2025-09-26 AI Newsletter

A collection of hexagons, each containing a different icon. On the left are three outlined heads: two with glasses, one a robot. The hexagons include a mall, a bridge, a raccoon, a Viking, and a goose.

External news

 

Anthropic model degradation incident

 

Over the past month, Anthropic experienced significant model reliability issues, with Claude sometimes producing notably worse or nonsensical responses. According to Anthropic’s postmortem, three separate, overlapping bugs degraded model quality for several weeks. 
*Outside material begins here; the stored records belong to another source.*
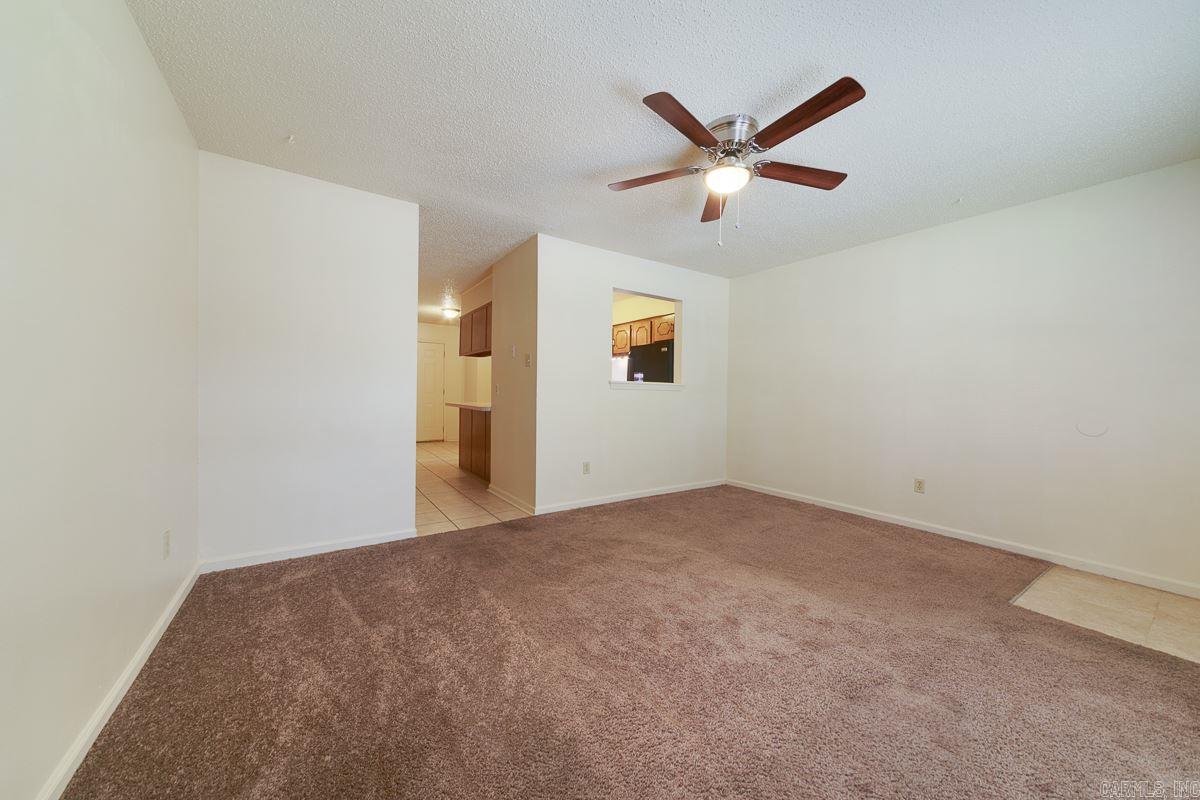 Cabot - Residential Lease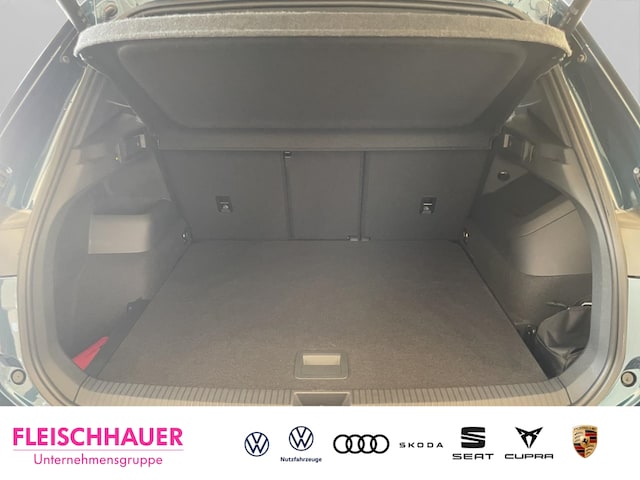 Volkswagen Tiguan 2.0 TDI 4Motion R-Line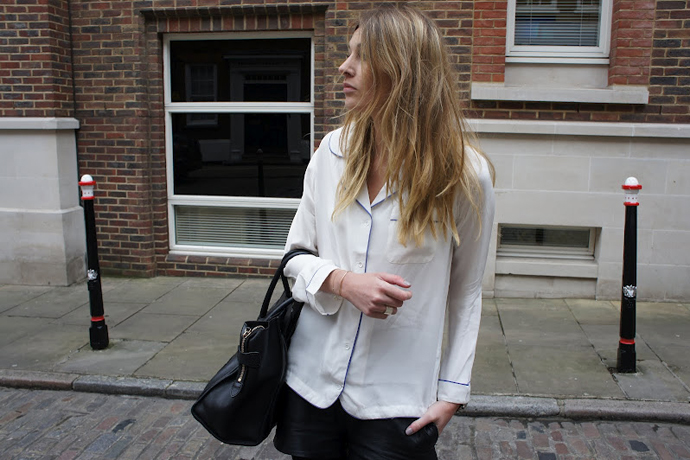 Стиль блогеров: Camille Over The Rainbow (фото 1)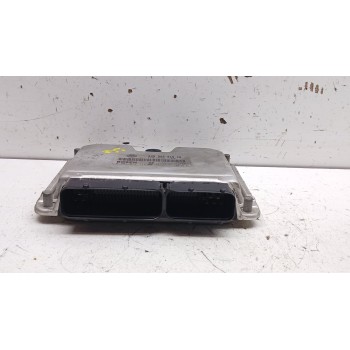 Recambio de centralita motor uce para skoda fabia (5j2 ) style referencia OEM IAM 045906019CD 0281012749 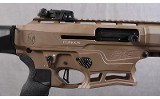 Typhoon Defense ~ F12 (Tan) ~ 12 Gauge - 3 of 11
Anthropic noted that diagnosing and fixing the issues was complicated both by the overlapping failures and by their own privacy protections, which limited engineers’ ability to inspect user conversations. 

The postmortem stressed that the issues were infrastructure bugs only, and not caused by Anthropic intentionally degrading model quality due to load or demand, as some users had suspected. 

These incidents damaged trust in Claude’s reliability and in Anthropic as a company. Many users seem to have felt that Anthropic was slow to acknowledge and fix the problems, a particular source of frustration for those on the $200/month Max plan.

 

Codex updates

 

OpenAI released updates to Codex, their software engineering agent, along with a new model trained specifically for coding, GPT-5-Codex, which they recommend you use with Codex. 

Before the release of GPT-5-Codex, OpenAI recommended that you use GPT-5 with Codex. Our impression is that the recent changes to Codex, as well as the release of the GPT-5 models, have substantially improved Codex and turned it into a strong competitor for tools like Claude Code

There are multiple ways to use Codex, which is included in any paid ChatGPT subscription

You can also access GPT-5-Codex via the Responses API

A major focus of GPT-5-Codex (and Codex generally) is code review. Codex can review PRs in GitHub, and in OpenAI’s evals, GPT-5-Codex produced fewer incorrect review comments and more “high-impact” feedback than GPT-5. You can read more about how the code review functionality works here.

 

Posit news

 

Last week was posit::conf! There were many AI-related talks and events, including:

If you attended (virtually or in person), you can watch sessions you missed in the conference portal. You can still register for a virtual ticket ($99) to get access to all recordings, or you can wait until the videos are posted to YouTube in December.

 

Terms

 

We’ve talked about agents in this newsletter before, but have never really defined what an agent is. The term can feel mysterious because it can be difficult to pin down a commonly agreed-upon definition, but that doesn’t mean that all agents are complicated. 

At the heart of the definition of an AI agent is the ability to make tool calls, a way for an LLM to interact with external systems like APIs. For example, an LLM that queries a weather API to figure out the current weather is making a tool call. 

Generally, agents meet three conditions:

  1. An agent can learn about the world through tool calling (for example, query a weather API).
  2. An agent can make changes to the world through tool calling (for example, write the weather forecast to a file)
  3. An agent operates in a loop, making tool calls, feeding results back into the model, and repeating until the goal is met (for example, determine the current location and time, query the weather API, write the forecast to a file)

The last step is important because it means the agent can figure out its own path to its goals. It doesn’t need the user or another party to spell out which tool calls it should make and in what order. 

Simon Willison has a similar definition. Anthropic’s article on building agents also has some helpful definitions and diagrams.

 

Learn more

 

  • This Economist article is a useful overview of the lethal trifecta for a general audience. 
  • BetterUp Labs and the Stanford Social Media Lab are investigating “workslop,” which they’ve defined as AI-generated content that looks polished, but is largely unhelpful and shifts the work burden onto coworkers. Read about their findings here
  • Anthropic’s September Economic Index report has some interesting findings about Claude usage, including usage patterns by country.  
  • Along with some other models, Qwen released Qwen3-Omni, an open-weights “omni” model that supports text, image, audio, and video.